Start of Study material

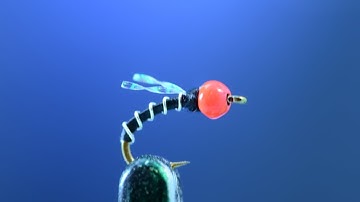 Hot Zebra Midge - Fly tying lesson video tutorial by Curtis Fry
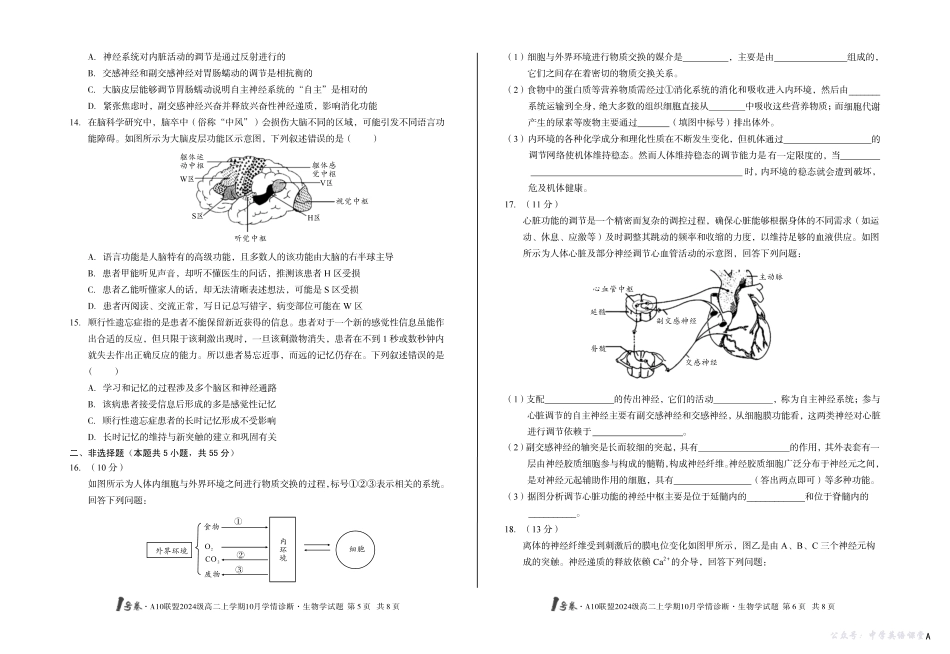 （A卷）1号卷A10联盟2024级高二上学期10月学情诊断生物学A.pdf_第3页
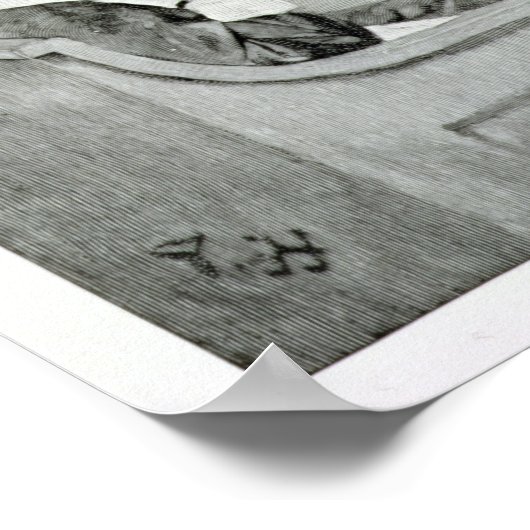 Het proces van een heks poster (Hoek)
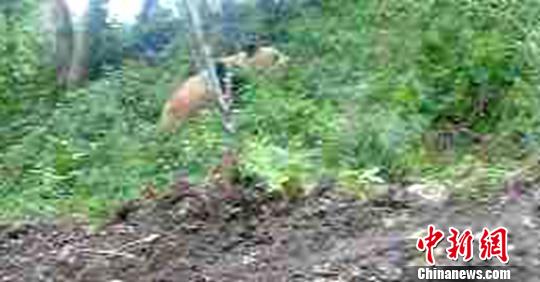 四川瀘定一次發(fā)現(xiàn)2只野生活體大熊貓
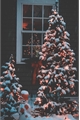 História: Our home on Christmas Day - OneShot (TobiIzu)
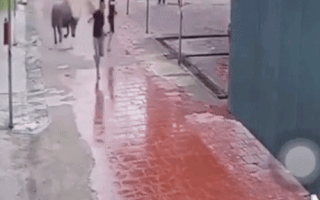 Video: Trâu điên 'đại náo' trên đường phố Thái Nguyên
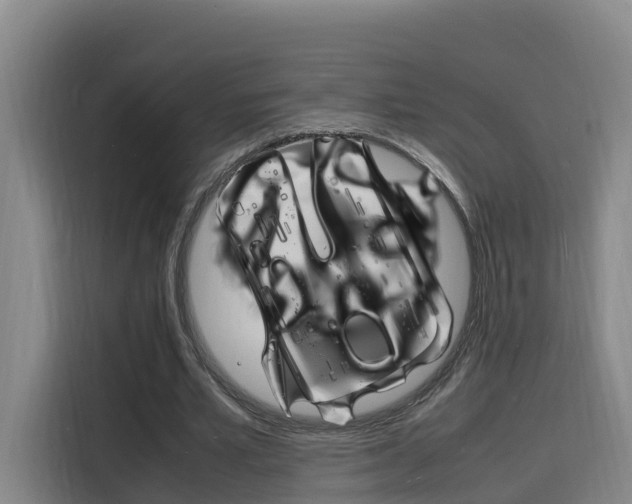 X0000116140581200911230933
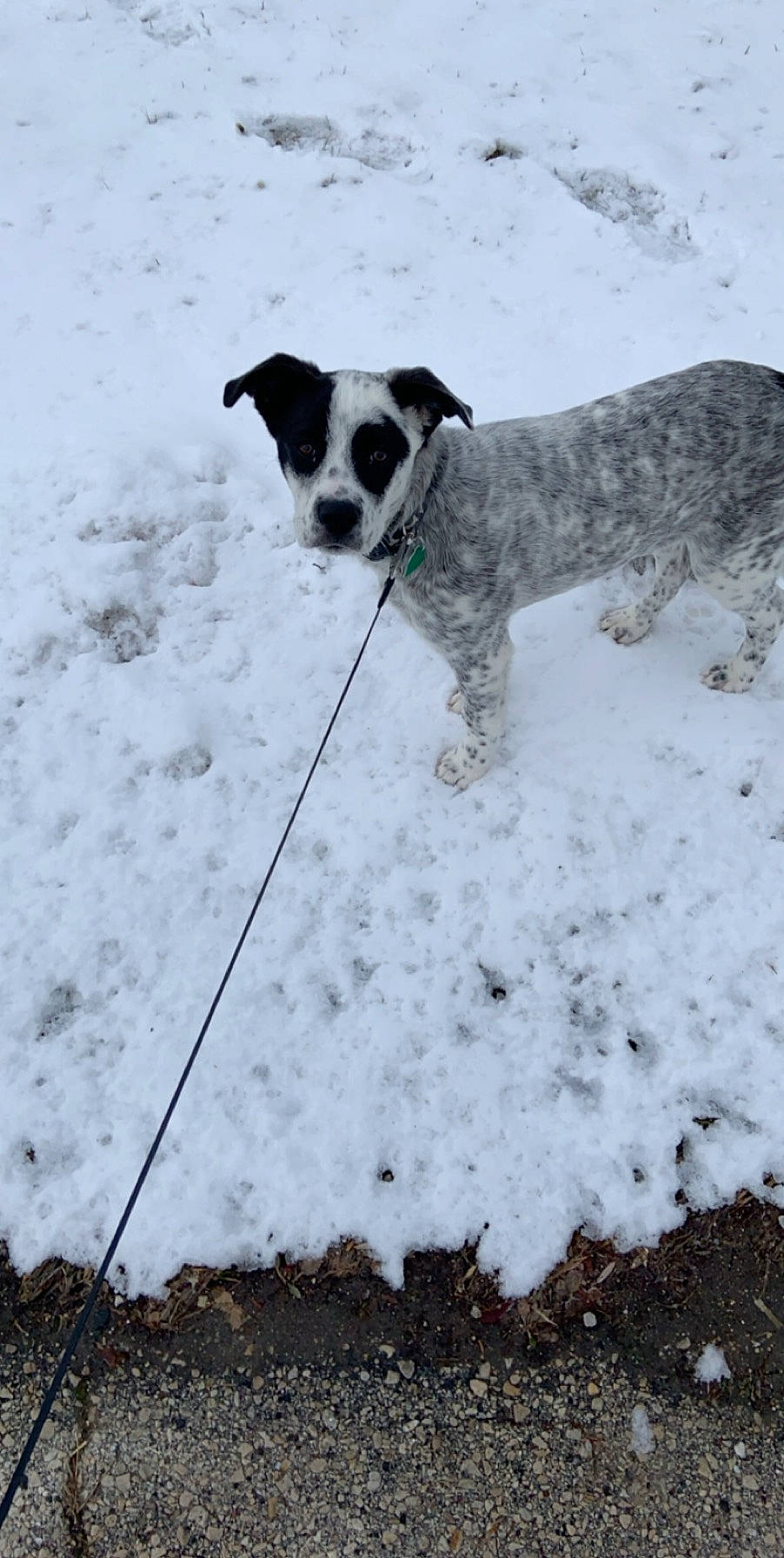 Latte is registered to the contest to win money with this photo: canidae, carnivore, collar, companion_dog, dog, dog_breed, dog_collar, dog_supply, freezing, hunting_dog, slope, snout, snow, sporting_group, winter, working_dog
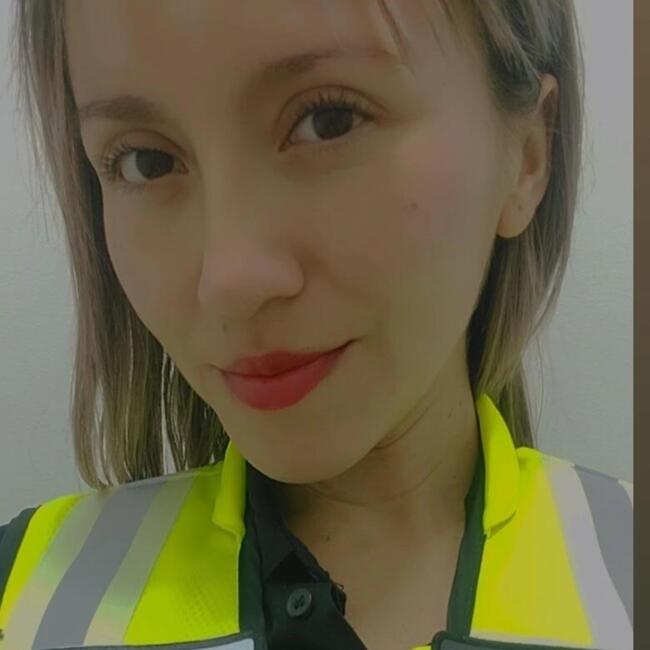 Babysitting job in Puente Alto: Ilsi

End of Study material

*What is being asked*
Above are the records; copy from them only the lines starting at the one containing "Het proces van een heks poster (Hoek)" and ending at the one containing "X0000116140581200911230933", exactly and without pictures.

*Answer*
 Het proces van een heks poster (Hoek)
 四川瀘定一次發(fā)現(xiàn)2只野生活體大熊貓
 História: Our home on Christmas Day - OneShot (TobiIzu)
 Video: Trâu điên 'đại náo' trên đường phố Thái Nguyên
 X0000116140581200911230933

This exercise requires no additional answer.